Keeping the world safe " in Minden

Former Navy Seal vets Paul Johnston and Mike Janke were operating a special operations training center in Santa Fe, N.M., when they were contacted by a Southern California contractor seeking their help in providing civilian security services in Iraq.

The year was 2003.

"We had the experience in special operations," recalls Johnston, "but we lacked the business knowledge that Tetra Tech the contractor was seeking. We knew the kind of former military personnel we needed, but we had no knowledge about how to get credit lines nor how to go about recruiting, the entire human resource thing. We didn't know how to get a company up and running quickly enough to be able to subcontract with Tetra Tech."

Enter Robert Shiells, co-founder and board chairman of Security Management Group, which was then headquartered in the Bay Area.

"They had an opportunity to start up a project in Iraq and we had experience in running a company, so we got together and formed Special Operations Consulting-Security Management Group," Shiells says.

The Minden-based company now has some 70 full-time employees, plus those workers it contracted overseas.

Why Minden?

The company's offices are adjacent to the Douglas County airport and a short commute from Reno-Tahoe International Airport.

But the overriding reason for the Minden office is that the company's tactical training center is located in Hawthorne on leased land whose terrain most closely resembles that which support service personnel would likely find in Iraq or Afghanistan.

"We do have access to 4,000 acres in Hawthorne," says Johnston who retired from the Navy after 22 years in special operations.
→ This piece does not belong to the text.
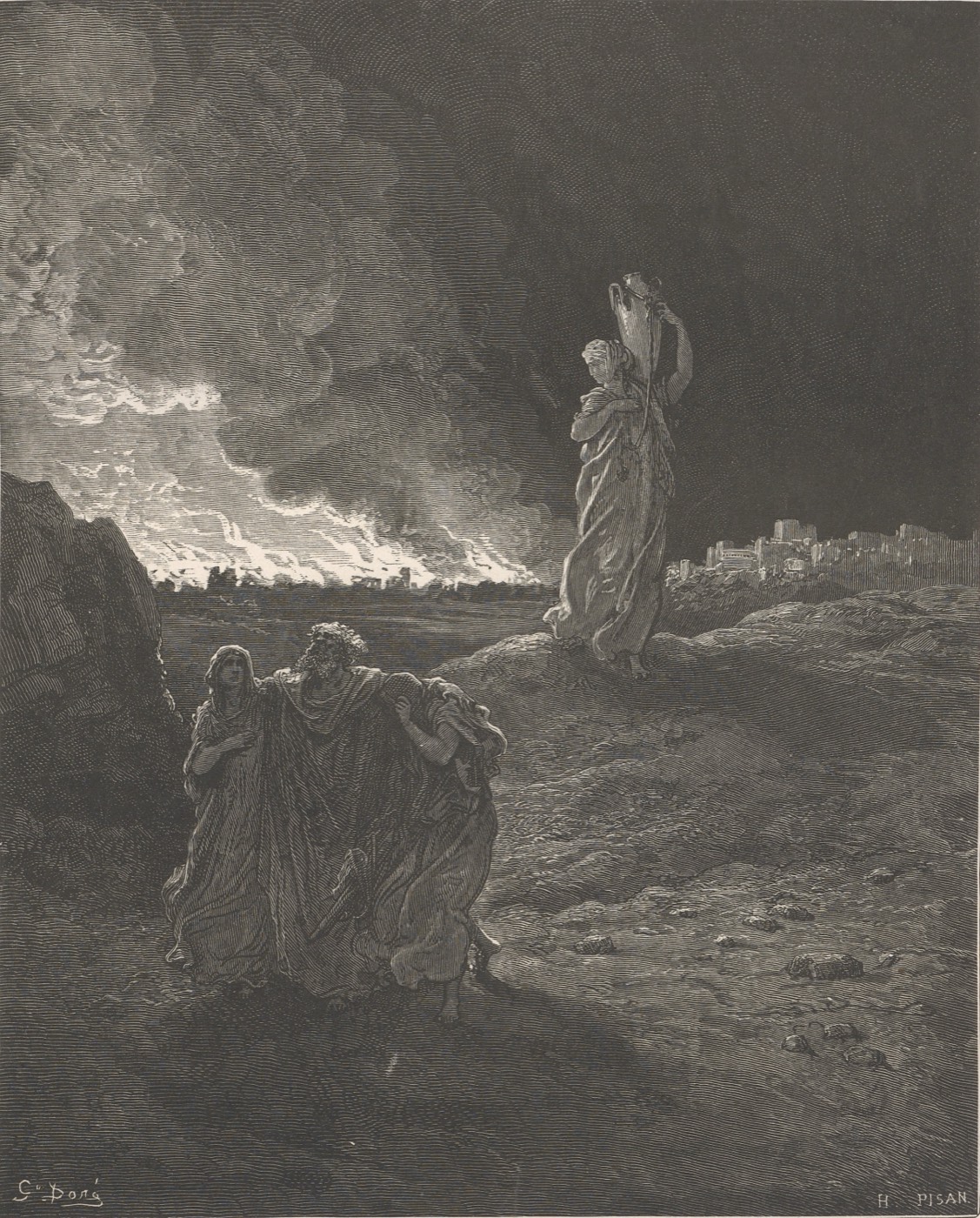 A fuga de Ló, Gustave Doré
He is chief of operations for SOC-SMG. "We have a very large training range and have agreements in place to use additional land if needed. The terrain is comparable to what one would find in the Middle East. A big part of this business is that we have people at the Hawthorne site as instructors who have actually been in Afghanistan and Iraq, and because it looks like the Middle East environment, you train like you fight and you fight like you train."

Some who train at the Hawthorne site are preparing to deploy overseas under a specific contract with SOC-SMG, while others may avail themselves of the opportunity to take a refresher course on special ops training to enable them to be hired.

"We tailor our training to the clients we have," says Johnston, "and for the environment we'll be operating in." He said while some European countries have visited the company's Hawthorne training site, none have sent personnel for training.

Shiells, a former California police chief and one-time founder of an investigative and security protection company with three partners, says the initial contract with Tetra Tech quickly grew to 130 employees.

"All were former special forces personnel," Shiells says. "They were either Navy Seals, Delta Force, Rangers or Green Berets. The contract with Tetra Tech, under the auspices of the Army Corps of Engineers, called for such personnel whose job it would be to provide security at ammunition supply points in Iraq while our military disposed of captured enemy ammunitions that had been there for decades."

Johnson says the company prides itself in "applying the right tools to the right job. It's not a cookie cutter approach. Some (competitors) overseas are taking kids right out of the military, kids in their early 20s, guys with very little experience. We're looking for more experienced personnel, guys who are mature and are not quick to become aggressive. We want men who can control a situation instead of allowing it to escalate."

Shiells says the company also provides security at living compounds and to convoys. Recruiting hasn't been difficult, especially when an ex-military special ops veteran discovers he can earn anywhere from $500 to $1,500 a day while deployed in some of the world's trouble spots.

But the company has more than just Department of Defense clients.

"We have done intellectual property investigations for some of our clients and are always available to providing consulting services for them almost anywhere in the world," Shiells says. "That is one of our core competencies."

Shiells then gives an example. "If, say, a Fortune 500 company executive is going to a country where kidnapping is rampant, we would recommend advance work by our contacts in various countries to know the right locations, things like where to seek lodging, by what mode of travel, ground or air. We advise on all those issues and we have the resources to do on-the-ground services."

But Shiells says that doesn't mean his company will do anything for a nice payday.

"We apply a risk-management approach to everything we do," he says. "We have turned down considerable work because we couldn't meet eye-to-eye with the client over how the security part of the work is going to be conducted."

Johnston agrees. "If a client makes a proposal and asks if we can be ready to take on a certain task in, say, 48 hours, there are other dynamics at work. There is the issue of threat and gathering the proper intelligence, plus our ability and belief as to whether we can complete the mission.

"We have turned down clients and work because it wasn't safe to us or to the clients, even though the clients insisted it was safe. Someone else may be willing to do it, but we won't if we are not comfortable."

In addition to providing support services for the military, SOC-SMG lists companies such as Nike, the shoe and apparel manufacturer; Boeing; Hudson Marine; the Sandia Laboratory in New Mexico; and Tesoro Petroleum among its list of clients.

Since the World Trade Center tragedy and the creation of the Homeland Security agency, more and more companies are looking outside its organization for the provision of enhanced security services. Just last year, Tesoro signed a contract with Security Management Group to provide 504 hours weekly for armed patrol for its Golden Eagle refinery near Martinez, Calif., as well as staffing its communications center.

"It isn't all about Iraq," says Shiells.